Wednesday, May 28, 2014

I run because there are demons to exorcise...


One of the most terrifying films I have ever seen is 'The Exorcist' in which a young girl is possessed by the devil.

Young Regan quickly goes from a sweet, pre-adolescent girl to an expletive spewing, spider crawling monstrosity. While eventually Regan's demons are exorcised, it occurs with no shortage of bloodshed and tragedy.

I have always been of the opinion that we carry demons around with us. There are the dark thoughts that keep us awake at night, the anxieties and fears about the things we can't control, or troubling ruminations.

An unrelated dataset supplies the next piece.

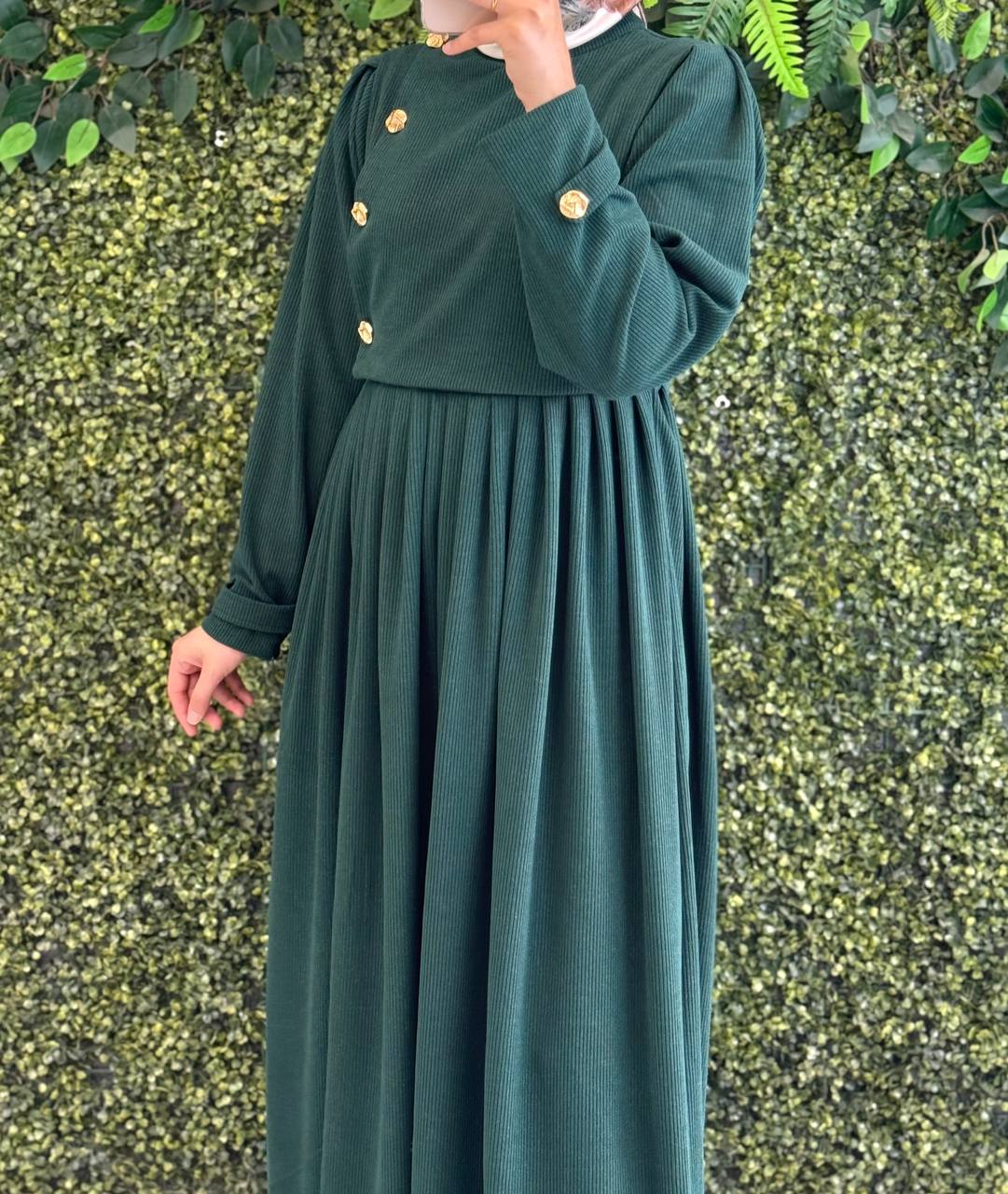 Pamuklu Kadife elbise 8114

As a child, I felt like I had little control over my demons. They would manifest in angry, violent ways sometimes. I
 found myself in the principal's office on more than one occasion. I often didn't understand how I got there. It was if something had possessed me not unlike young Regan.

But, there were things that happened in our house that were scary, terrifying, and impossible for my young mind to understand and they possessed me at times.

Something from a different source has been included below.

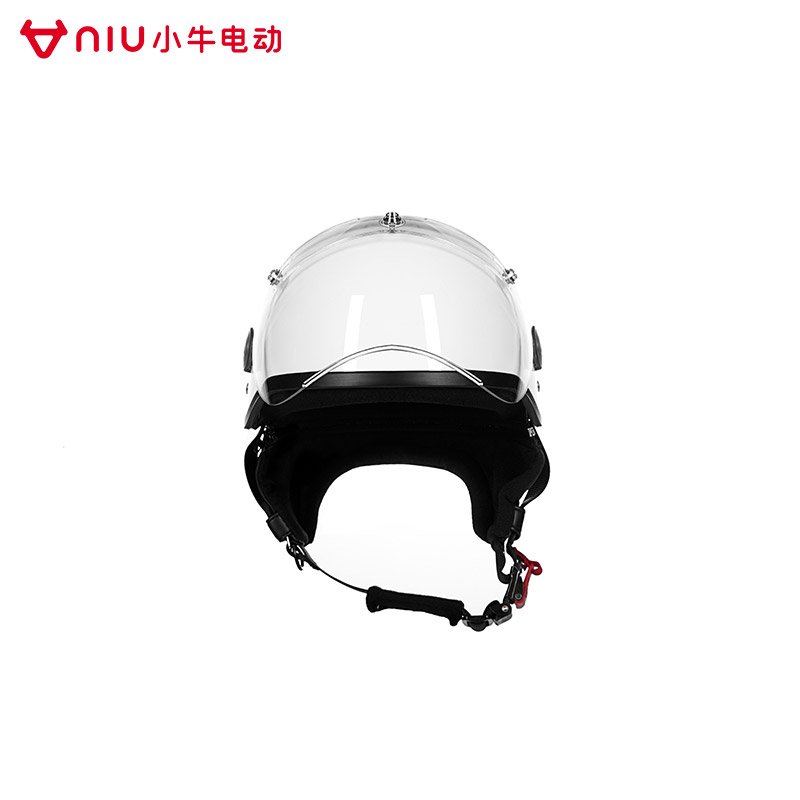 

Niu Scooter Original Half Helmet Fashion Retro Style From, White one size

Perhaps that is why I gravitated towards films like 'The Exorcist'. Terrifying films like this in some small way made the scary things I encountered at home a bit more palatable.

While what happened in these films was often horrific, the protagonist almost inevitably prevailed and I suppose I needed to see this to remind myself that I could prevail as well.

I struggled greatly in childhood to master my demons. I felt like there was so little that was within my control, including my own behavior.

Then, I discovered running. Grueling and exhausting at first, running soon became the kind of exorcism I desperately needed.

The fears, anger, and voices of doubt quieted and sometimes ceased entirely when I was on the road.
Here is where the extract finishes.